Iteration, Perfection, Success?
Iteration, Progression, Success?
Middle Class language communicates achievement as success. Overachievement is oversuccess, presumably. I used to see no problem in that - indeed, linking achievement with success was a natural and ideal state for me to be. Yet achievement is not something that can be controlled through hardwork and virtue. It is not an ideal state at all. Virtue is a better state.
Yet virtue itself needs ideal conditions to really grow. Rituals, health, sleep - these are not optional measures for virtue to thrive. Good behaviour based on rational self-interest cannot exist without the conditions that encourage it. That is why I am fortunate I did not choose so many of those friends and lovers more than I did (and perhaps why I fortunate they did not choose me).
My thoughts on this have changed though. I watched a cooking show about a middle child in India who overachieved to make her parents proud. It finally resonated with me what I have known for a fair time - this search for success to make us proud is problematic.

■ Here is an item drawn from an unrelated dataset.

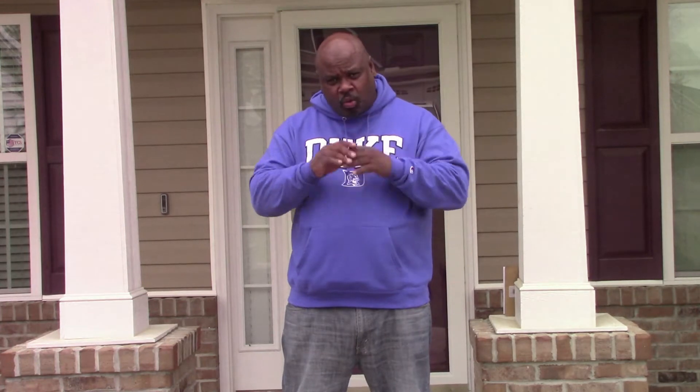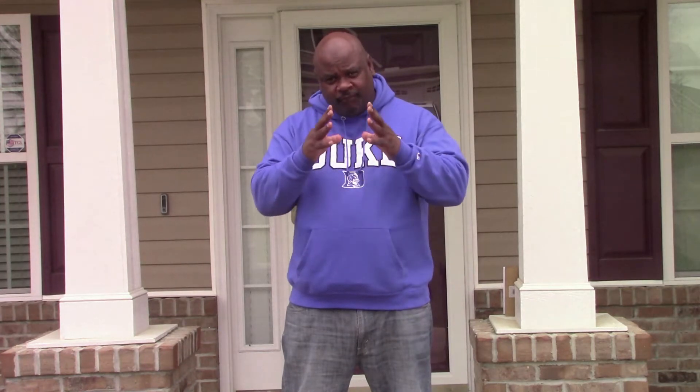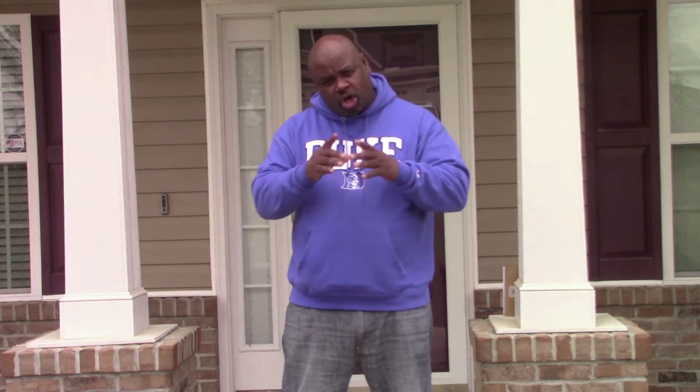You find the property, we call the seller, we negotiate the deal, we close the deal, and then we split the deal with you 50-50. It's totally free to partner with us. Call us today to see if your city is still available.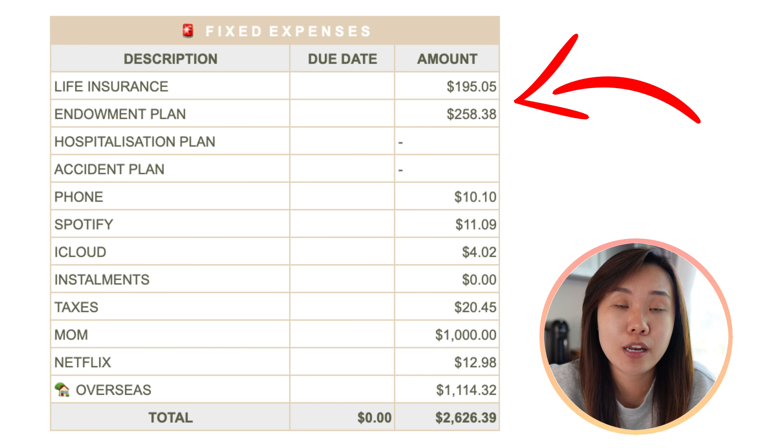When it comes to groceries, I bought a lot when I first came. Expensive items here are fruits — I bought a box of peaches for $20-something for about 7 to 8 pieces. Groceries this month is $288.71. I overbought — if I had just bought what I needed to consume in September, it would be half or one-third of that amount. There's still a lot left in the fridge, so I won't need to spend much on groceries in October.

Here are some reasons why:
1) You are good as a human being in yourself. Aiming for achievement as measures of success suggests more about you than just that field.
2) Success does not necessarily mean satisfaction. I have achieved much in the way of success, but the visceral experience of controlling myself via brains, brawn, books, bacon feels more satisfying than some of those conventional measures, such as work and certificates.
3) The fields in which we might experience success are narrow. Those fields might benefit others - work hard hard as a teacher to achieve success. They might require too much of ourselves, of our time and souls - take too much time to mark to achieve success.
Today I play music publicly. I have practice every day. I could not have realistically practiced more in the finite time I gave. If I do not give more time then I cannot expect a better performance. With the finite time I cannot expect perfection.
Instead, I should only expect an iteration that may or may not succeed. It exists for fun - no jobs rely upon this save Sam's.
I cannot expect my emotional reaction to change, the difficulty and awkwardness that I feel now. But, I can welcome that awkwardness as an old friend, that nervous energy and self-doubt. That tells me I am moving. It tells me of my virtue.
It tells me that an iteration is success. And that old friend of doubt is here to be loved, with that physiological reaction to be experienced, and maybe a better place for that temperance to be.